Form 10-Q for GOLDLAND HOLDINGS CORP.
1-Mar-2016
Quarterly Report
THE FOLLOWING DISCUSSION SHOULD BE READ TOGETHER WITH THE INFORMATION CONTAINED IN THE FINANCIAL STATEMENTS AND RELATED NOTES INCLUDED ELSEWHERE IN THIS REPORT ON FORM 10-Q.
The following discussion reflects our plan of operation. This discussion should be read in conjunction with the financial statements which are included in this Report. This discussion contains forward-looking statements, including statements regarding our expected financial position, business and financing plans. These statements involve risks and uncertainties. Our actual results could differ materially from the results described in or implied by these forward-looking statements as a result of various factors, including those discussed below and elsewhere in this Report.
Unless the context otherwise suggests, "we," "our," "us," and similar terms, as well as references to "Goldland Holdings," all refer to Goldland Holdings and its subsidiaries as of the date of this report.
Company Overview
We were originally formed as Montrose Ventures, Inc. in the State of Delaware on May 25, 1989. On April 23, 1996, our name was changed to Java Group, Inc., which tried and failed to start a chain of coffee bars. On September 1, 2004, our name was changed to Consolidated General Corp., which tried to buy tier 2 and 3 professional sports teams, including the Vancouver Ravens lacrosse team and the San Diego Soccers soccer team. On August 7, 2007, our name was changed to Goldcorp Holdings Co. On October 15, 2010, our name was changed to GoldLand Holdings Co.
Former Business
Over the years, and prior to our entry into the business of the leasing of gaming equipment described below, we have been engaged in the business of leasing mining claims. On September 14, 2007, we acquired an interest in 174.82 acres of land on War Eagle Mountain in Idaho from Bisell Investments Inc. and New Vision Financial Ltd., two of our then major stockholders, for a total of 90,000,000 shares of our common stock. We acquired a 100% interest in 103 acres, and a 29.167% interest in 76.63 acres, respectively. We also leased five placer claims on War Eagle Mountain from the U.S. Bureau of Land Management (the "BLM"), each of which covered approximately 20 acres, or approximately 100 acres in total. Subsequently, as a result of a survey we allowed our original BLM claims to lapse, and reapplied for new lode claims that are better oriented in the direction of the three veins in the mountain. As a result, we own 14 unpatented lode claims covering 262.85 acres and 76.63 acres within seven patented claims with a 29.167% ownership interest. We may look to expand on our mining claims holdings in the future.

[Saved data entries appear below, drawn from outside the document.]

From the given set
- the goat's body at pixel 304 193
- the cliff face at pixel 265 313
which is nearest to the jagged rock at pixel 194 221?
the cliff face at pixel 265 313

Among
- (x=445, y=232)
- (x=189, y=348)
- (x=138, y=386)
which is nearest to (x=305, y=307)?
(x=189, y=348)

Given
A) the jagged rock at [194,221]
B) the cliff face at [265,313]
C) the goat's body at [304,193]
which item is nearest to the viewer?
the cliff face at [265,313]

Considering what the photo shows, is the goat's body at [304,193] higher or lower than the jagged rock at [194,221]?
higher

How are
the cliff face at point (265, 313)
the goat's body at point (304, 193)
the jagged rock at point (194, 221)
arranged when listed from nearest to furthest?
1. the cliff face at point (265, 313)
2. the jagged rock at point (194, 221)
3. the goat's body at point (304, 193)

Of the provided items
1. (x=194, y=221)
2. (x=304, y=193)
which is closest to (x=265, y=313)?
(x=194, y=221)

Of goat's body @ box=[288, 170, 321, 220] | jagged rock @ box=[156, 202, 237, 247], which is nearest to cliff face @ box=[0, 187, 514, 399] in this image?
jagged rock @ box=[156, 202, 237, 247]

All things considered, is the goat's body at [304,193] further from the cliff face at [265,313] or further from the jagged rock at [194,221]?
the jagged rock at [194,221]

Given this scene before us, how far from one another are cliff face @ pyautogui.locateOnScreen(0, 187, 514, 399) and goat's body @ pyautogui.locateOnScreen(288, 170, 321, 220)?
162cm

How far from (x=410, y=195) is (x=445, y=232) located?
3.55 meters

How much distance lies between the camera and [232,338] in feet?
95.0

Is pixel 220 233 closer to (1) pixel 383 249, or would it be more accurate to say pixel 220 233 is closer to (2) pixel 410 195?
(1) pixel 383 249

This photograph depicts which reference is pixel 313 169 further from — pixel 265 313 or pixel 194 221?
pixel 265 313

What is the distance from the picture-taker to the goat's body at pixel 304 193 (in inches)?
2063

For a complete discussion of the mining activities on our mining claims conducted by other parties, please see our previous Form 10-Ks, 10-Qs, and 8-Ks filed with the Commission. However it should be noted that at no time was Goldland Holdings a mining operator. As descried above, Goldland Holdings owns and or maintains mining claims which are leased to a third party. Since the mining operations of our lessee no longer have any relevance to our new business of the leasing of gaming equipment, we will only include financial information relating to revenues, expenses, and results of operations and other relevant information with respect to the former mining activities of the lessee of our mining properties.
Current Business
We are currently engaged in the business of the leasing of gaming equipment. On September 19, 2013, Universal Equipment SAS, Inc., our wholly-owned subsidiary, entered into an asset purchase agreement to acquire certain gaming equipment from Universal Entertainment SAS, Ltd., a corporation formed under the laws of the Country of Colombia, for 17,450,535 shares of our common stock (post reverse-split on March 6, 2014). The closing occurred on March 6, 2014. The gaming equipment includes approximately 67 video poker and slot machines; eight blackjack and miscellaneous game tables, and related furniture and equipment; roulette table and related furniture and equipment; bingo equipment and furniture; casino chips, bill acceptors, coin counter and related equipment, and miscellaneous office equipment, like chairs and tables.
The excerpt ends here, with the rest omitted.